Die größere Naturnähe im Vergleich zu den abstrahierenden Werken der Sechs-Dynastien-Zeit, wie sie sich in der buddhistischen Kunst zeigt in einer geschmeidigeren Körperlichkeit und einer stärkeren Bewegung der Figuren, tritt uns auf andere Weise in Motiven des Grabkults entgegen.

Im Jahre 636 ließ Kaiser Tai zong seine sechs Lieblingspferde für sein Grabmal bei Changan als Steinreliefs abbilden und verfasste eine poetische Hommage auf sie. Vier dieser Reliefs befinden sich heute im Shaanxi Provinz Museum, Xi’an, zwei im Universitätsmuseum, Philadelphia.

Eine der Reliefplatten von Philadelphia zeigt einen stämmigen Hengst im Profil von links und einen bewaffneten Krieger von rechts in der Uniform der kaiserlichen Garde . Wie die übrigen, annähernd lebensgroßen Darstellungen, scheint es sich um ein echtes Tierporträt zu handeln, worauf gewisse Unterschiede in Proportion, Muskulatur oder Haltung der sechs Pferde hindeuten. Die Tiere wirken kraftvoller und größer als die kleinen Steppenpferde der Han-Zeit, jedoch feinnerviger.

Das vollständig gesattelte und gezäumte Pferd weicht etwas von dem Reiter zurück, die Vorderbeine sind leicht schräg gestellt als stemme es sich nach hinten gegen einen unsichtbaren Zug. Die linke Hand des Kriegers liegt flach auf der Brust des Pferdes, und er streckt ihm auch den rechten Arm entgegen. Die rechte Hand ist abgebrochen und nur noch in Umrissen zu erkennen. Der dazugehörige Text erklärt die Szene: ein General der Tang-Truppen befreit das kaiserliche Kriegsross von einem Pfeil, der in seiner Brust steckt.

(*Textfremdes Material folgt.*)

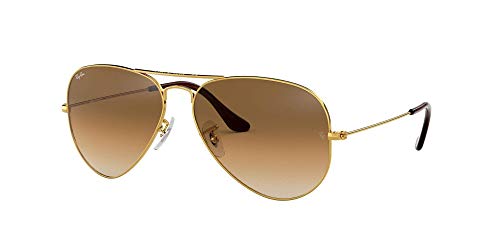 Ray-Ban Aviator Large Metal - Gafas de sol Unisex, Dorado (Crystal Brown Gradient Glass), 55 milímetros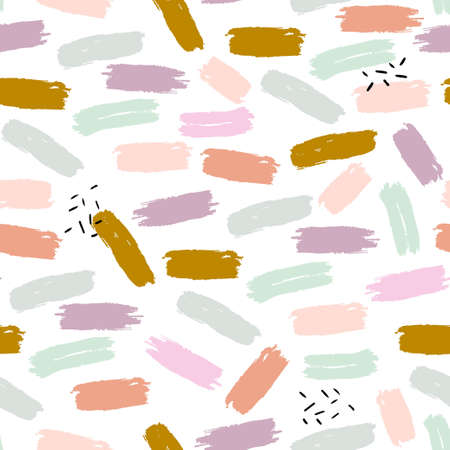 Seamless hand drawn brush stroke pattern. Modern artistic texture. Great for fabric, wallpaper, textile.のイラスト素材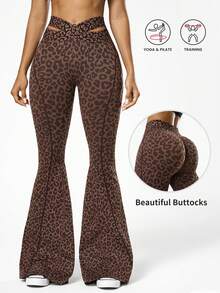 Easithlete 1件装女士无缝性感豹纹交叉腰部轮廓紧身裤，适合瑜伽、健身、舞蹈、体操 - 咖啡棕 - 查看 1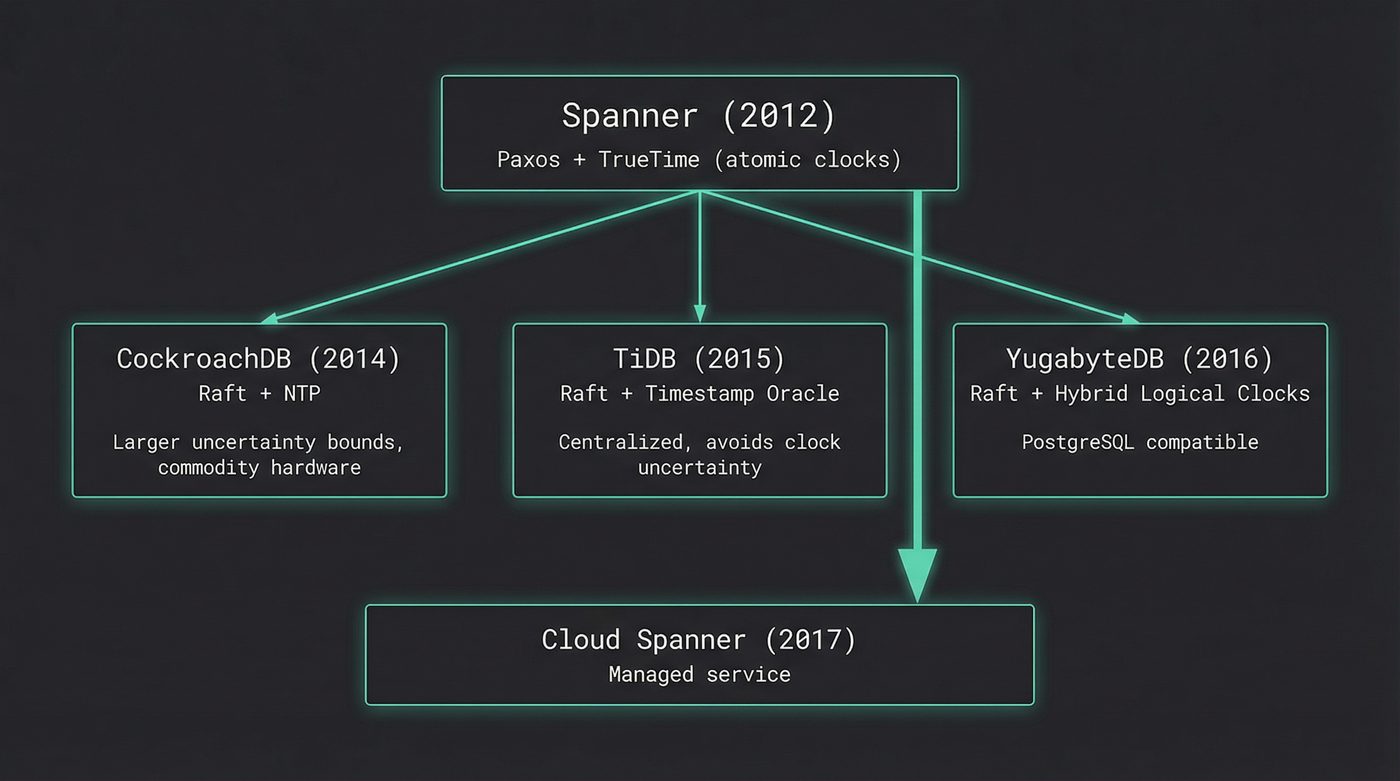 Spanner lineage: CockroachDB, TiDB, YugabyteDB, and Cloud Spanner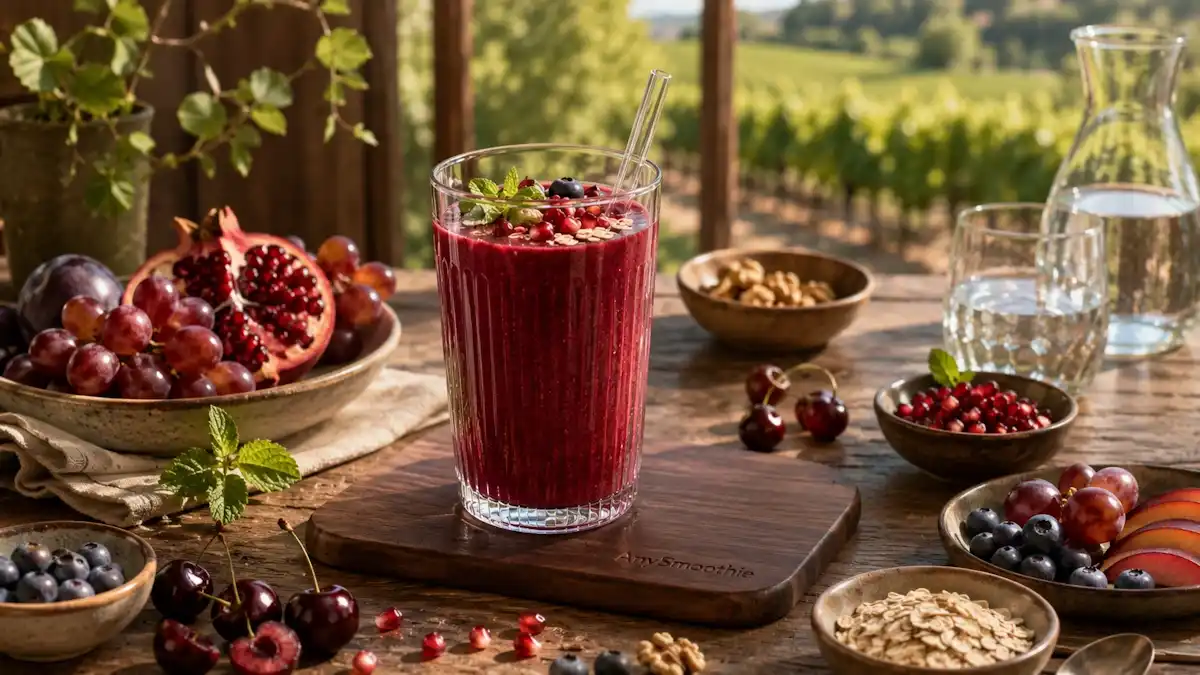 Red grape and pomegranate smoothie in a clear glass on a walnut wood coaster with grapes, cherries, blueberries, walnuts, and oats, representing resveratrol smoothies for balanced nutrition.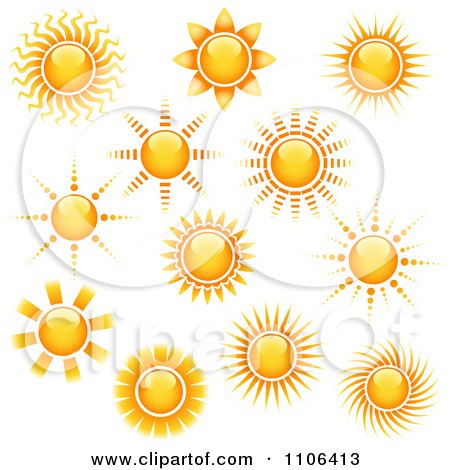 Clipart Shining Summer Sun Icons - Royalty Free Vector Illustration by dero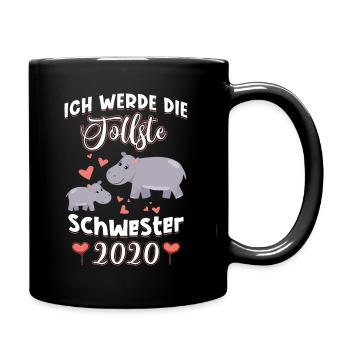 Ich werde die tollste Schwester 2020 Nilpferd - Tasse einfarbig - Schwarz - Rechts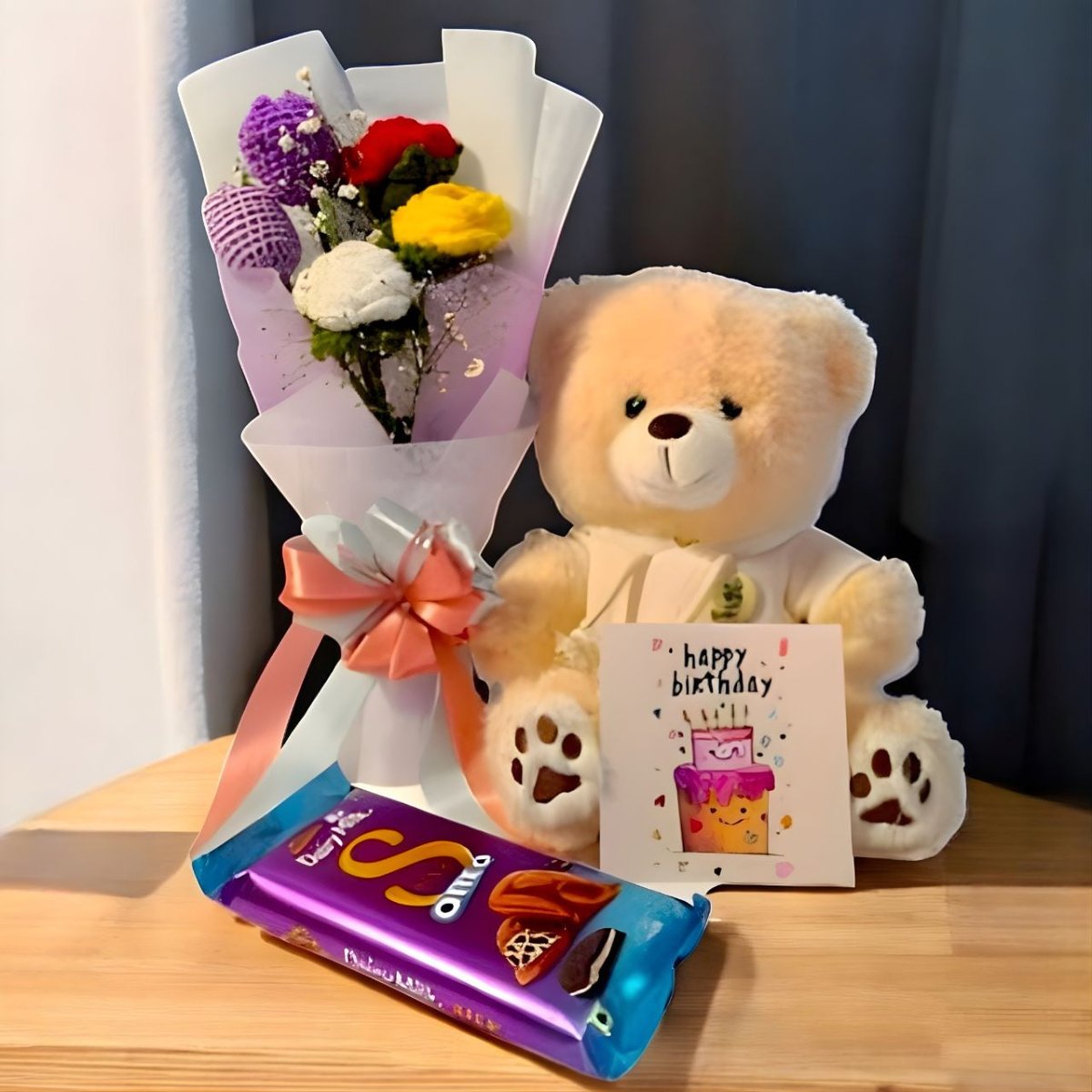 Birthday Greeting Card, Crochet Bouquet, Chocolate & Teddy Gift Set - Flowers to Nepal - FTN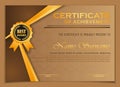 royal brown diploma certificate template with gold frame and emblem by vector design
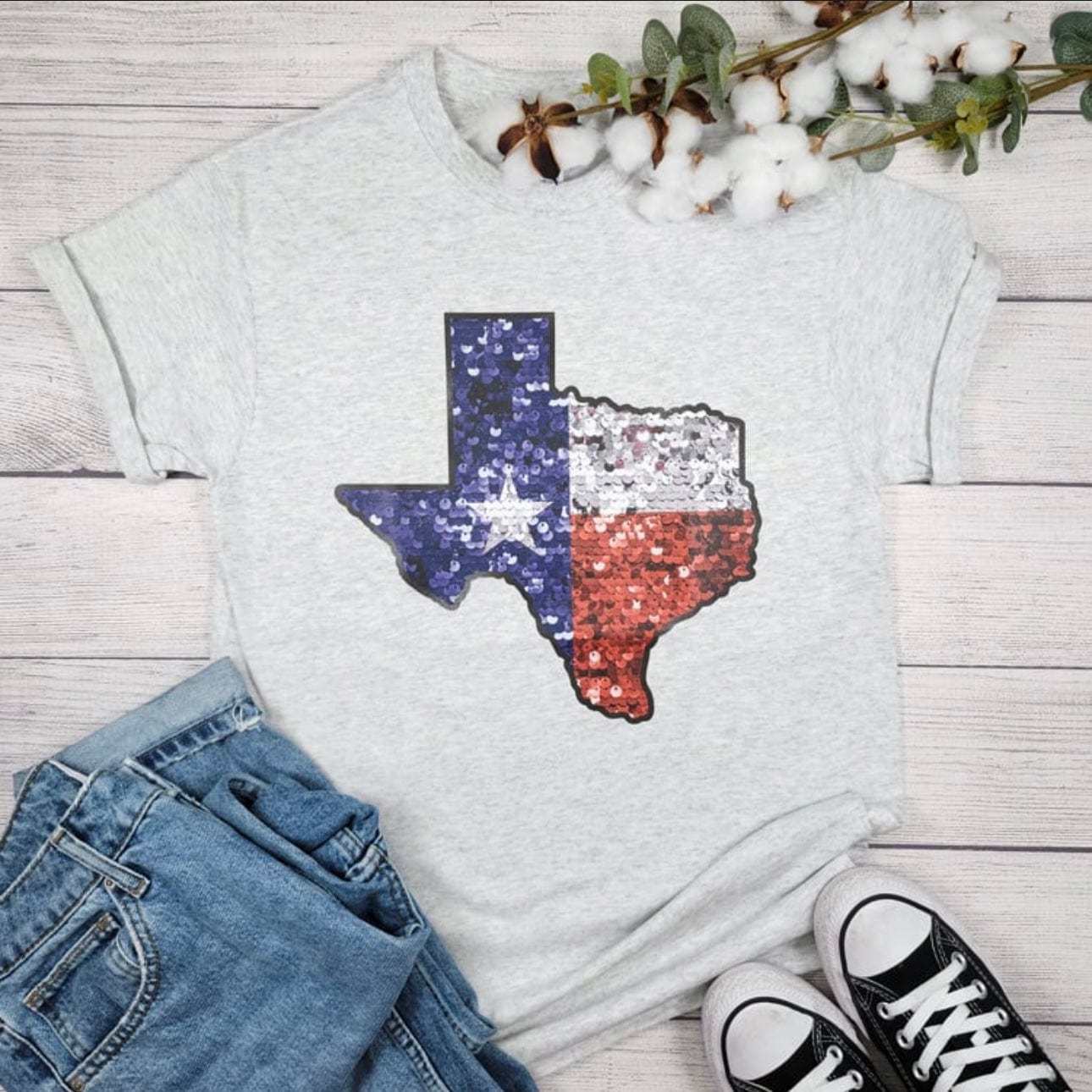 Women - Apparel - Shirts - T-Shirts Texas Faux Sequin Graphic Tee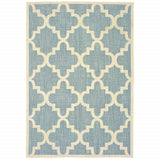 6' x 9' Blue Ivory Machine Woven Geometric Indoor or Outdoor Area Rug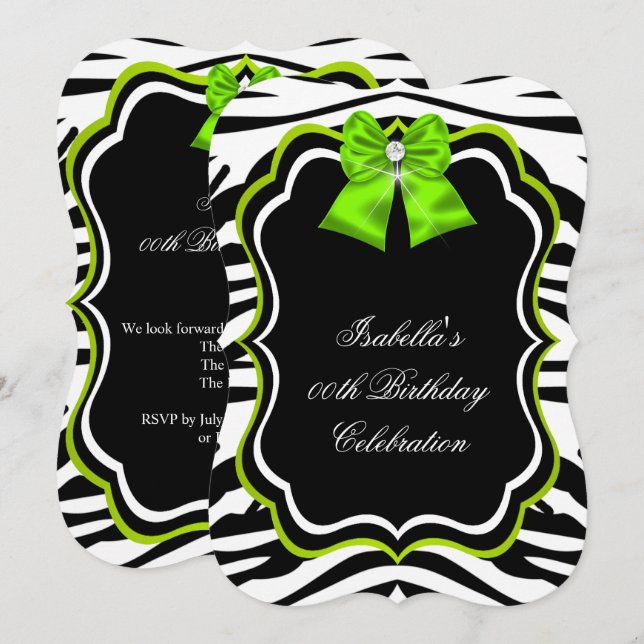 Elegant Wild Zebra Lime Green Diamond Party Invitation (Front/Back)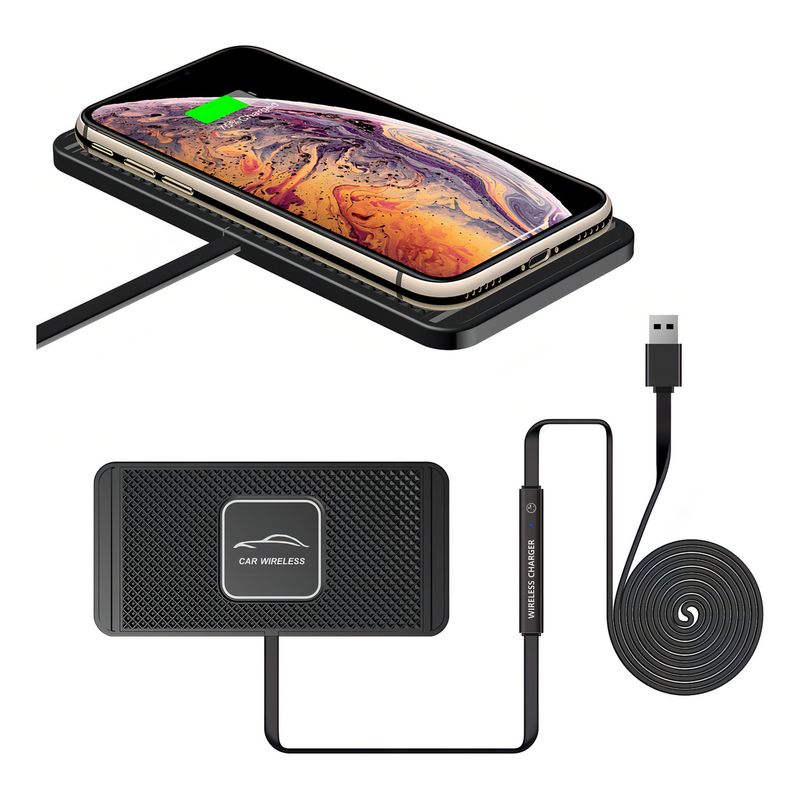 GENERICO - Cargador Inalámbrico Para Auto De 15w Para iPhone  Samsung Color Negro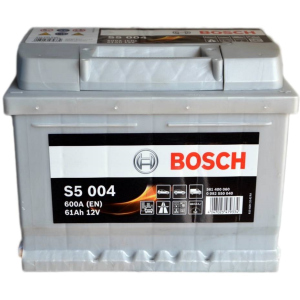 хорошая модель Автомобильный аккумулятор Bosch 61Аh Ев (-/+) S5004 (600EN) (0 092 S50 040)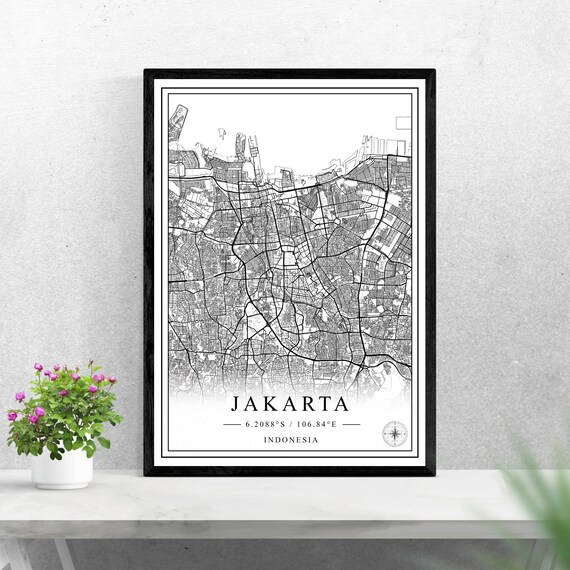 Jakarta Indonesia City Map Black and White Minimalist Poster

Obwohl es sich um ein Flachrelief handelt, das bei weitem nicht die Tiefe und fast vollrunde Plastizität der Höhlenreliefs erreicht, sind Mensch und Tier mit einer Volumen suggerierenden Körperlichkeit erfasst: das Gewand des Kriegers, der muskulöse Hals und die volle Brust des Pferdes, die mächtige Kuppe, die schweren Hufe. Und obwohl das Ornament sparsam eingesetzt ist, nur auf die wichtigsten Details beschränkt und in spannungsvollem Wechsel mit den gerundet modellierten Flächen der Körper, herrscht dennoch die Zeichnung vor, die klare Definition des Motivs, die durch die Linie erreicht wird. Allein schon im Umriss sind die Ausdrucksbewegungen von Reiter und Pferd prägnant angelegt: das Vorschreiten des Reiters, das vorsichtige Zurückweichen und dennoch Widerstehen des Hengstes. Die genaue Binnenzeichnung gibt den Mantel des Kriegers mit wenigen Falten wieder, Gürtel, Köcher und Schwert, Zaumzeug des Pferdes, einige Muskel und Sehnen, die drei aufrecht stehenden Bündel der Mähne und den verknoteten Schwanz. Das Ganze ließe sich auf eine reine Linienzeichnung reduzieren.

Dadurch würden die plastischen Qualitäten des Werkes verloren gehen, die Meisterhand verraten. Der Meister ist jedoch unbekannt, denn Bildhauer galten als Handwerker, nicht als Künstler. Selbst wenn diese Reliefs nach Pferdebildern des berühmtesten Hofmalers der Zeit, Yan Liben siehe auch, angefertigt wurden wie überliefert ist, so sind es doch Übertragungen von absolut eigenem Wert, welche die monumentale Bildhauerkunst der Tang zu einem Höhepunkt führten.